### Extracted data
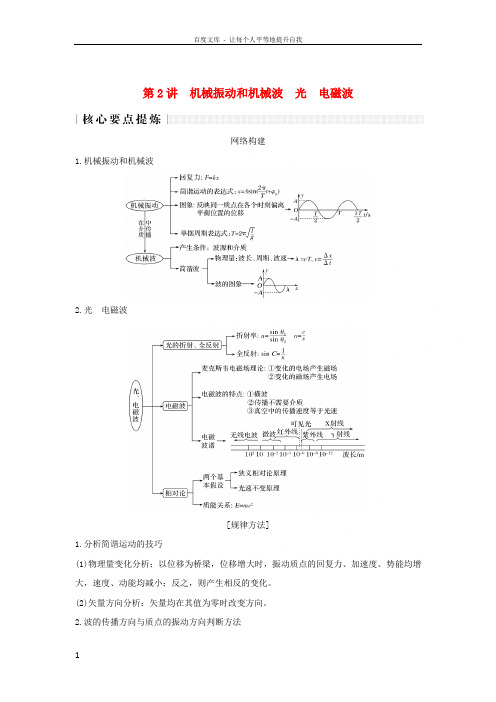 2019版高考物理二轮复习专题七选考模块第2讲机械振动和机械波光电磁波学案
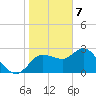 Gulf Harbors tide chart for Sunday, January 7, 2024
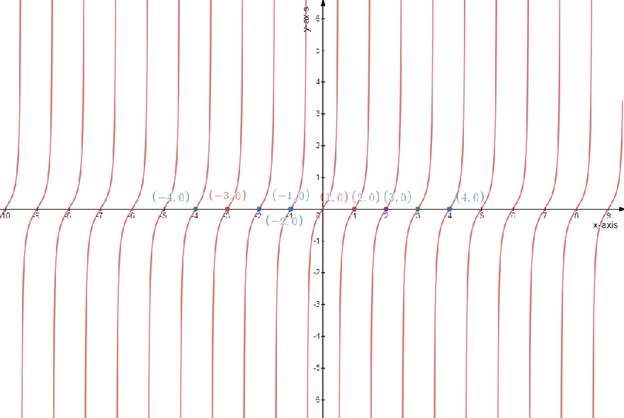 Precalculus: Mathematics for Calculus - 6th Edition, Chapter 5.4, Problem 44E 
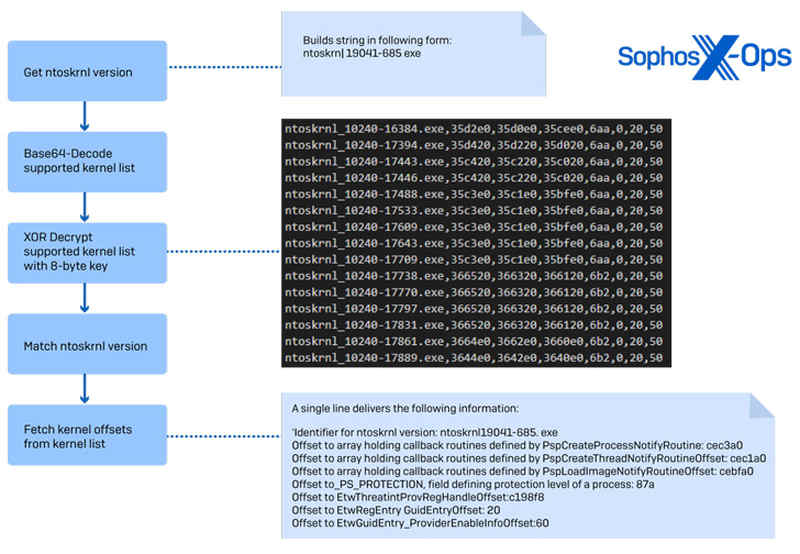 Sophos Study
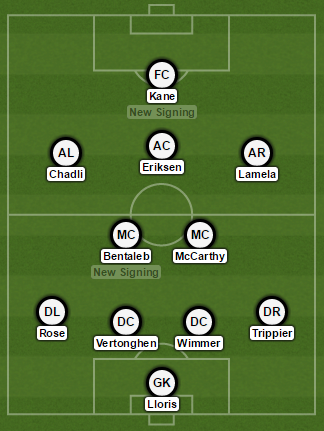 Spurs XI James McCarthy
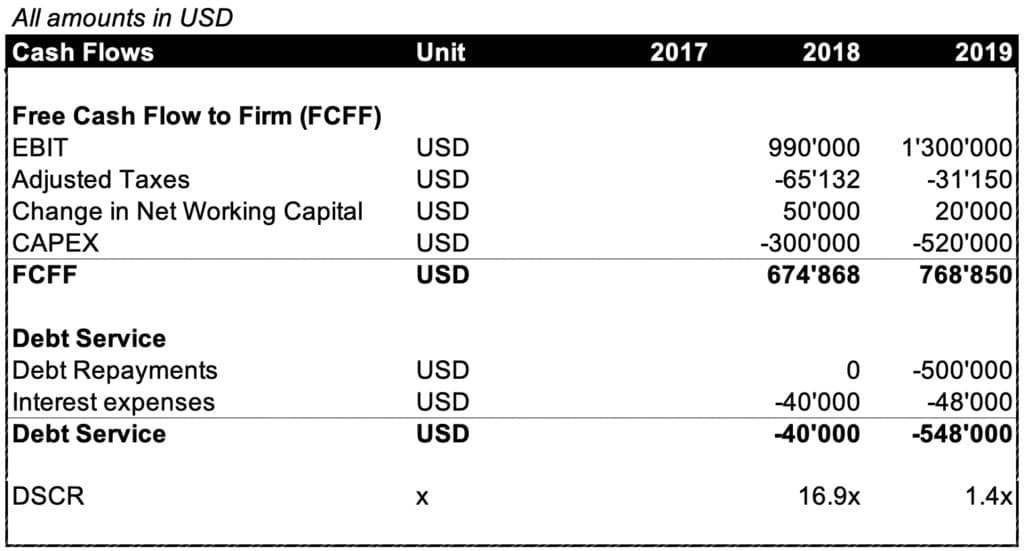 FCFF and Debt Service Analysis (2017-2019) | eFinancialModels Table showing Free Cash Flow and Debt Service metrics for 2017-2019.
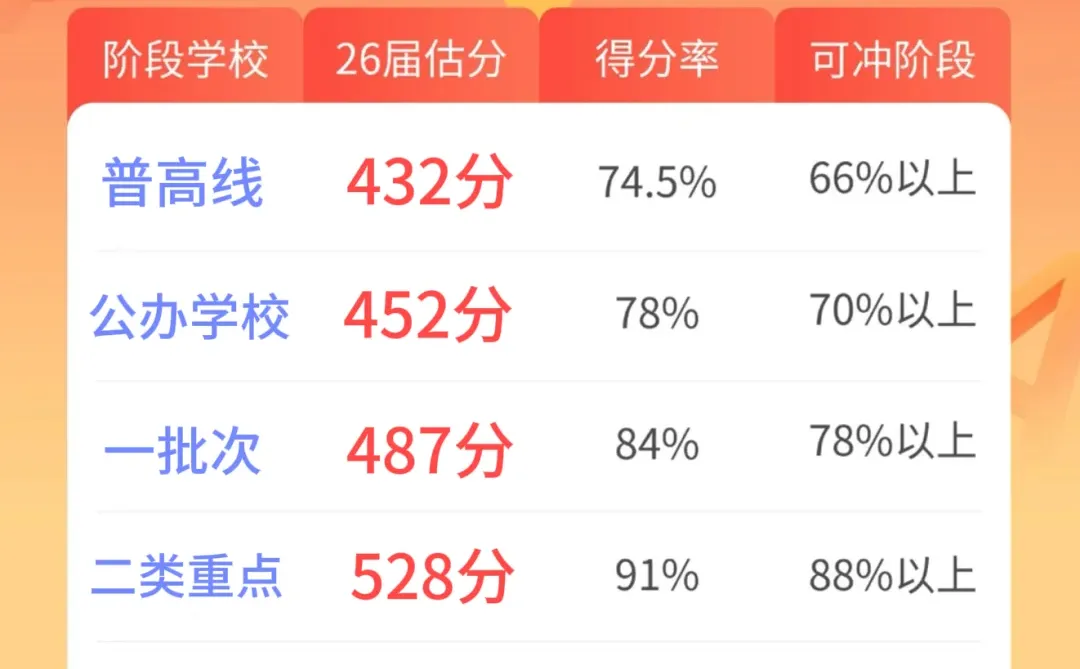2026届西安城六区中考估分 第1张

### Assigned task
Give again, word for word, the lines above from the one with "Gulf Harbors tide" through the final line of the data, both ends included. Do not copy any picture.

### Response to the exercise
 Gulf Harbors tide chart for Sunday, January 7, 2024
 Precalculus: Mathematics for Calculus - 6th Edition, Chapter 5.4, Problem 44E 
 Sophos Study
 Spurs XI James McCarthy
 FCFF and Debt Service Analysis (2017-2019) | eFinancialModels Table showing Free Cash Flow and Debt Service metrics for 2017-2019.
2026届西安城六区中考估分 第1张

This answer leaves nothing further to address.